What does that have to do with anything? Well, I try to get at least one article a month up on this blog. I’d been working on a piece based on the Digital Film Making course I’ve been studying, and I thought it was in good shape in spite of all the drugs I’ve been taking. This morning, realising I was running out of time, I read it over with a view to publishing.
It was not in good shape.
It made no sense. It was full of errors. It was, basically, bad. And this got me thinking.
Many great writers struggled with illness and substance abuse. There is an idea that their creative genius is fueled by the whatever on their shoulders. Where would Hemmingway be without alcohol? Freud without his Cocaine? Kahlo without her injuries?
Looking at my writing whilst under the influence of painkillers, I draw the conclusion that this is utter nonsense.

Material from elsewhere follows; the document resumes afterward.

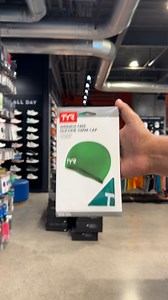 ¡En verano la piscina te llama! 😎 Equipate con lentes, gorra, trajes de baño de alto rendimiento y notá la diferencia. | UNO Sports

To be sure, suffering can inspire us. But it also makes stuff, just ordinary living and breathing and working day stuff, a damned sight harder. When you are in pain you make mistakes that you don’t make when you are well. You can’t work as long and you can’t focus as well. Things are, just, generally, difficult. And if that counts for getting out of bed or getting on with your life, it counts doubly so for something as difficult as writing.

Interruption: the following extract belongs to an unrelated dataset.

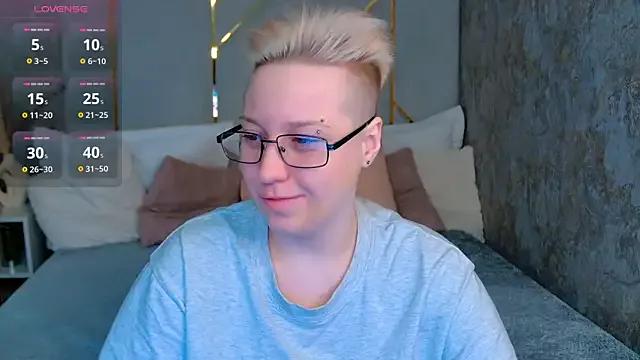 Freechat AlexandraGreen on StripChat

Now, I’m familiar with how hard it is to start, and how much easier it can seem to get words on the page once you’ve had a drink. And I know there are other writers out there who have similar crutches. Stephen King writes rather brilliantly about how his struggles with drugs impacted his writing, and if you’re interested and somehow haven’t checked out his book On Writing, go do that now.
And I’m also familiar with the argument that it can be essential to loosen up, to free yourself from your critical inner voice, and that things that take you out of yourself can be helpful. I did spend a year at art school, after all.

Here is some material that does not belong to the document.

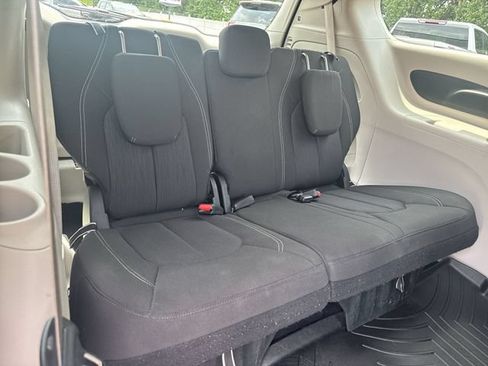 Used 2023 Chrysler Voyager LX FWD image 24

But I think it is a false friend. I think it gives the impression of helping whilst undermining all those critical abilities that you actually need to produce non-shit work. I think, if they could have found their way to work without them, then Hemmingway would have been better without alcohol and Freud would have been better without Cocaine.
That brings me back round to Kahlo and injury. Obviously, she didn’t choose that. I was disabled in an accident in the Navy. I sympathise. Am I a better writer for my accident? It would be a comforting conceit, but I sincerely doubt it. A better human being? Possibly. But if I do write something good between here and eternity, it will not be because of my injury – it will be in spite of it, just as Hemmingway and Freud achieved in spite of substance abuse.
I’m not saying don’t write if you’re injured or taking drugs or drinking alcohol. I’m not saying you can’t write great stuff under the influence. That would be a daft thing to say. But don’t kid yourself that they’re making you better. Just believe in yourself that you can write in spite of these things.
If you can, live as clean as you can without, you know, getting completely bored. Take care of yourselves. You’ll write better for it.
If you can’t, don’t give up. Keep writing. It will help you with all the other stuff.